> WORK REQUEST: Among the lines below, the one containing "Thống kê XSMN" opens the range and the one containing "Vinculaciones societarias de" closes it. Print that range exactly, without the pictures.

> MATERIAL FOR THIS EXERCISE:
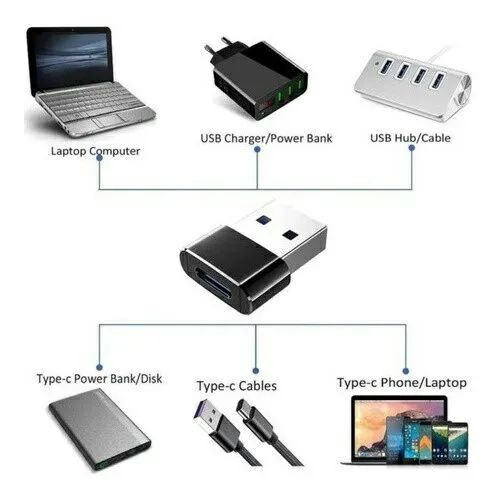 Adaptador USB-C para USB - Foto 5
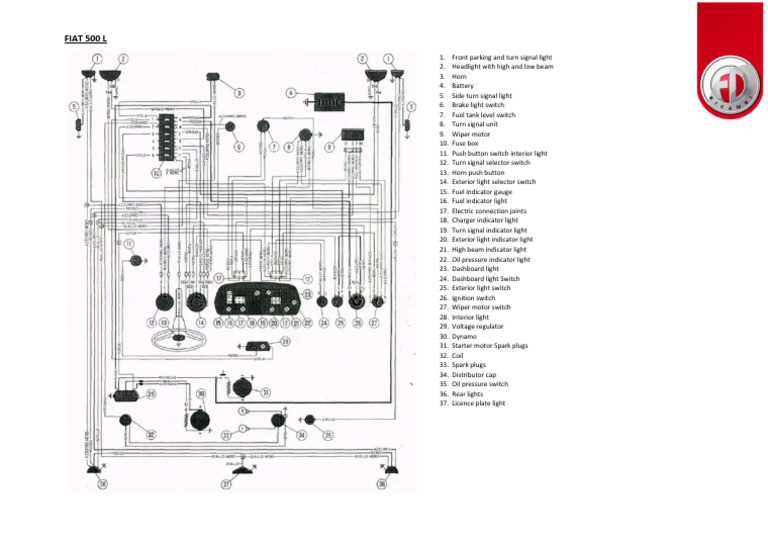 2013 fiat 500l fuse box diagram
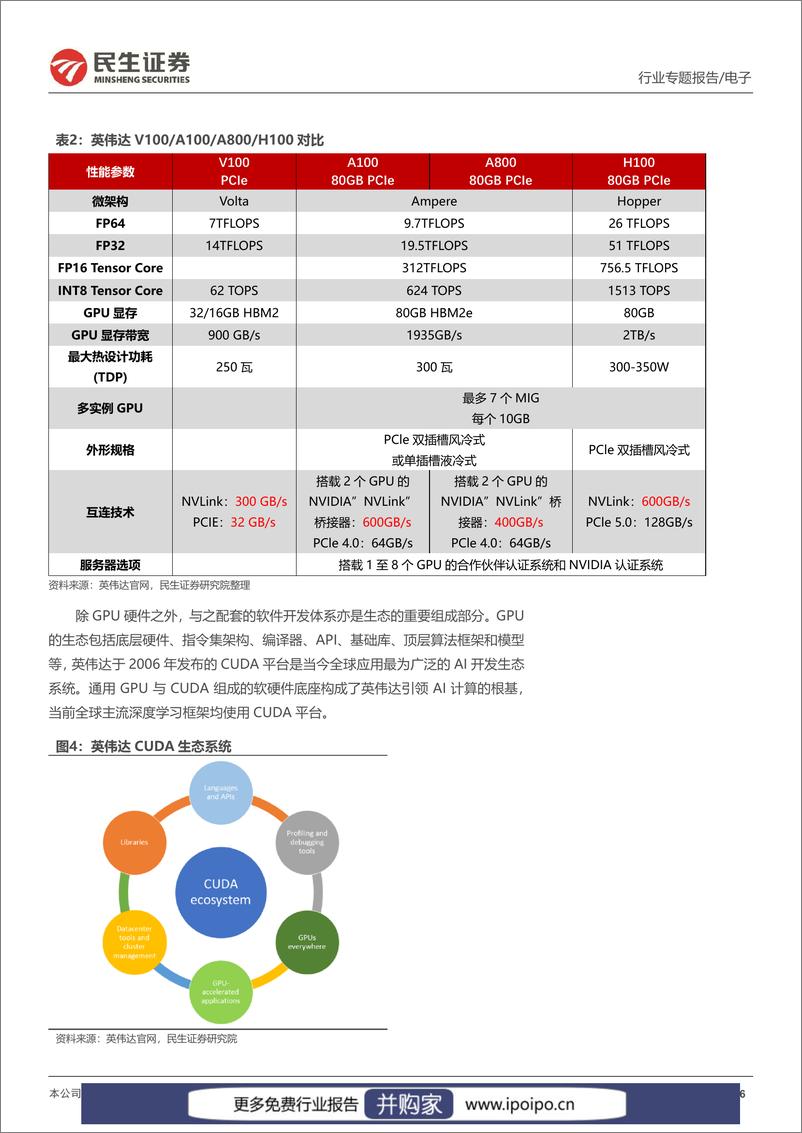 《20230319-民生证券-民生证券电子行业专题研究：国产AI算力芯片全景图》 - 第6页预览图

---

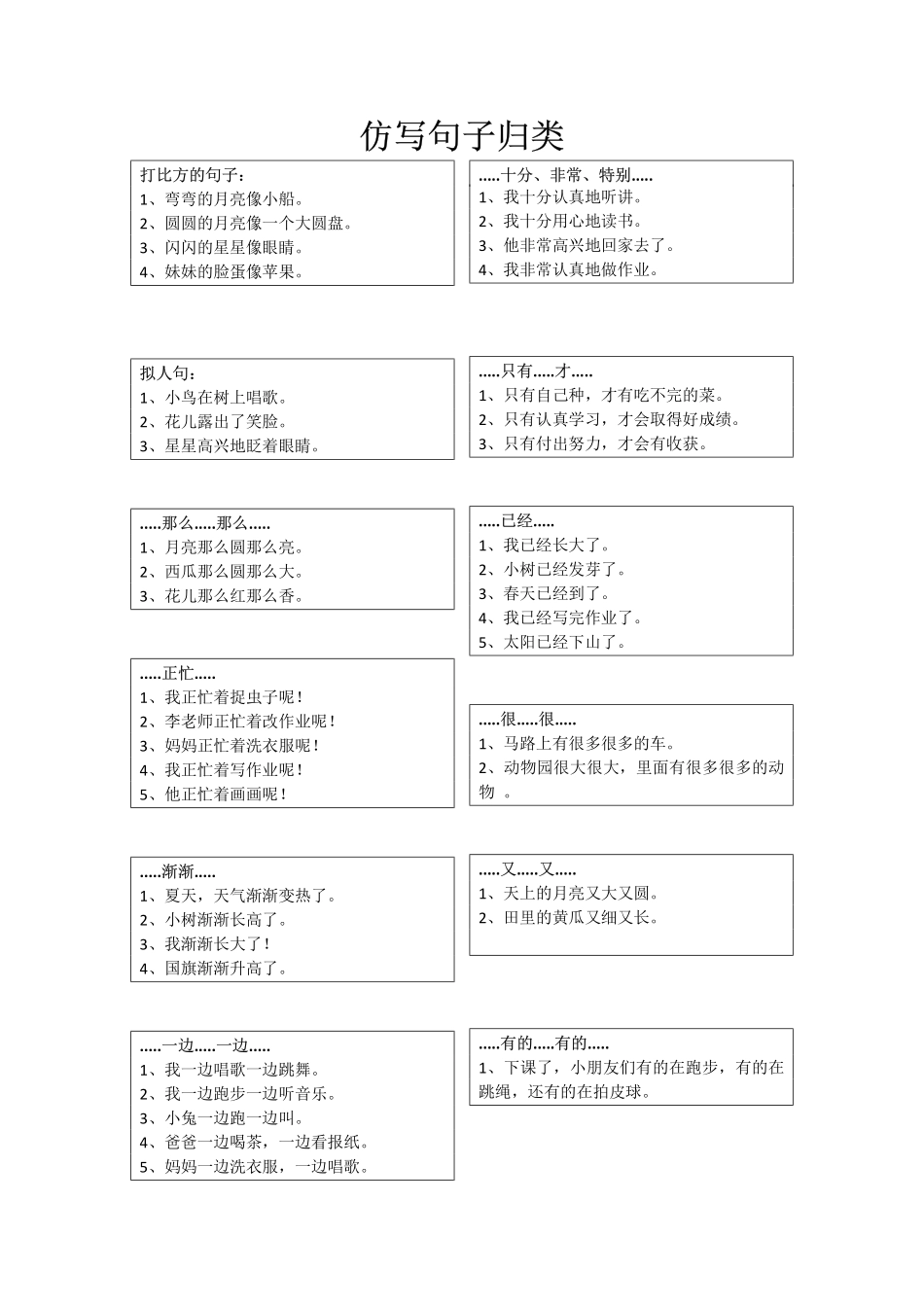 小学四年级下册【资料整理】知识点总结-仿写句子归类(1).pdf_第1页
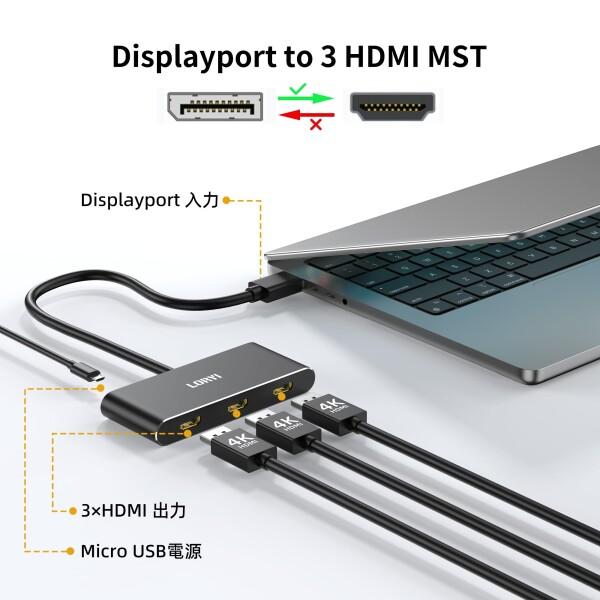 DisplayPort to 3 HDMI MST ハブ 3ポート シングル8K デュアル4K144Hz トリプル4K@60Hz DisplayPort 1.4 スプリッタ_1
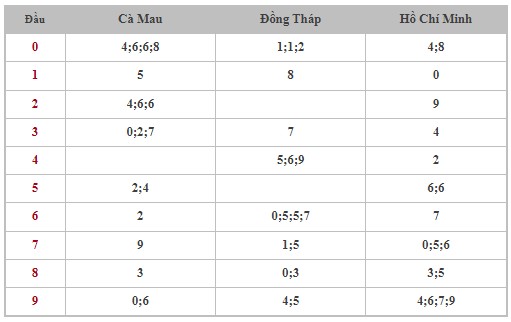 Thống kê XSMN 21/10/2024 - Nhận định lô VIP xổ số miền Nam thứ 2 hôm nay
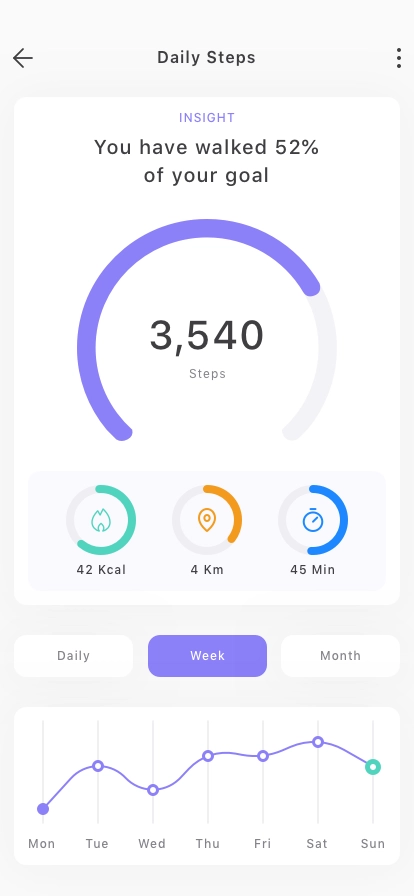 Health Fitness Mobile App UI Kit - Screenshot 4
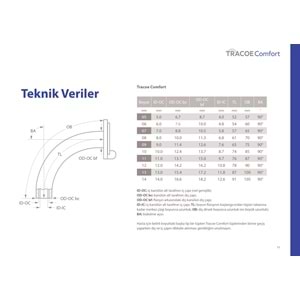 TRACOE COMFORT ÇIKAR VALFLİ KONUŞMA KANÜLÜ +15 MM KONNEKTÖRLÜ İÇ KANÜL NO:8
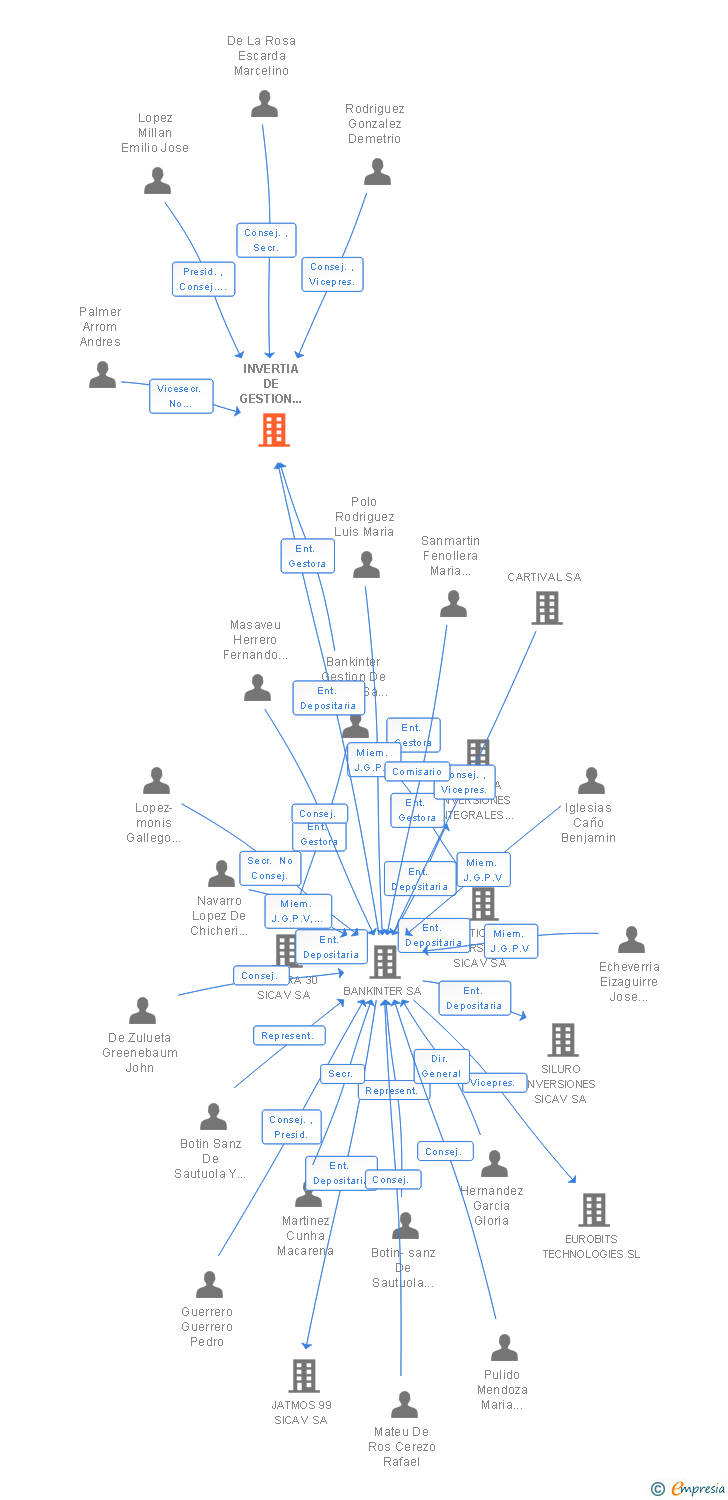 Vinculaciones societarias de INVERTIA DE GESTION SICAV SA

--

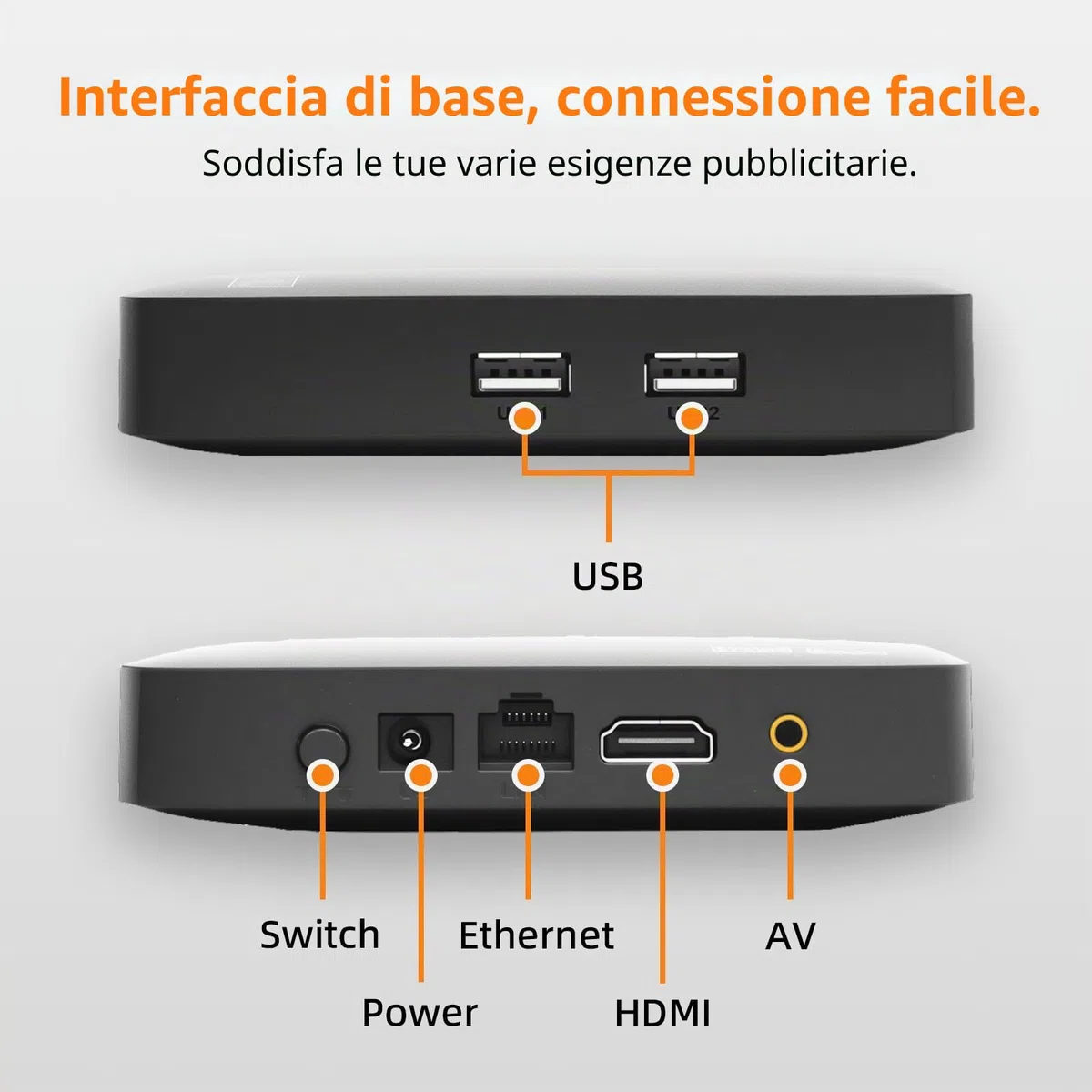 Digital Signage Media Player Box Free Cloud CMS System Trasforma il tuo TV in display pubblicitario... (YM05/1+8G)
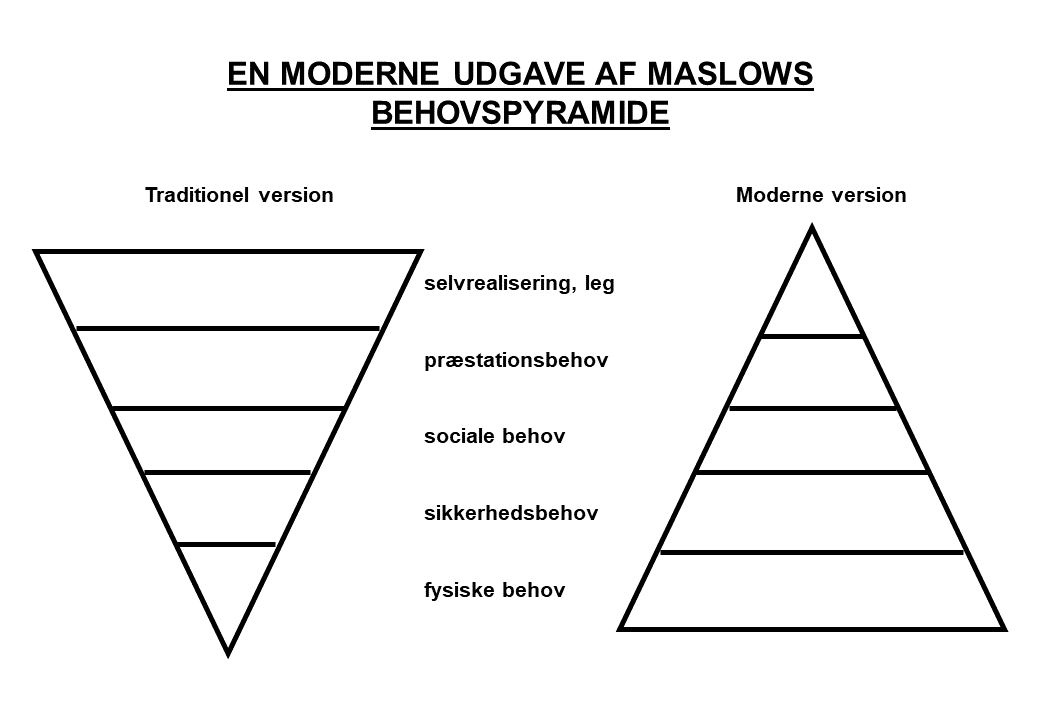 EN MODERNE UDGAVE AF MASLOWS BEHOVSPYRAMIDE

> OUTPUT OF THE EXERCISE:
 Thống kê XSMN 21/10/2024 - Nhận định lô VIP xổ số miền Nam thứ 2 hôm nay
 Health Fitness Mobile App UI Kit - Screenshot 4
 TRACOE COMFORT ÇIKAR VALFLİ KONUŞMA KANÜLÜ +15 MM KONNEKTÖRLÜ İÇ KANÜL NO:8
 Vinculaciones societarias de INVERTIA DE GESTION SICAV SA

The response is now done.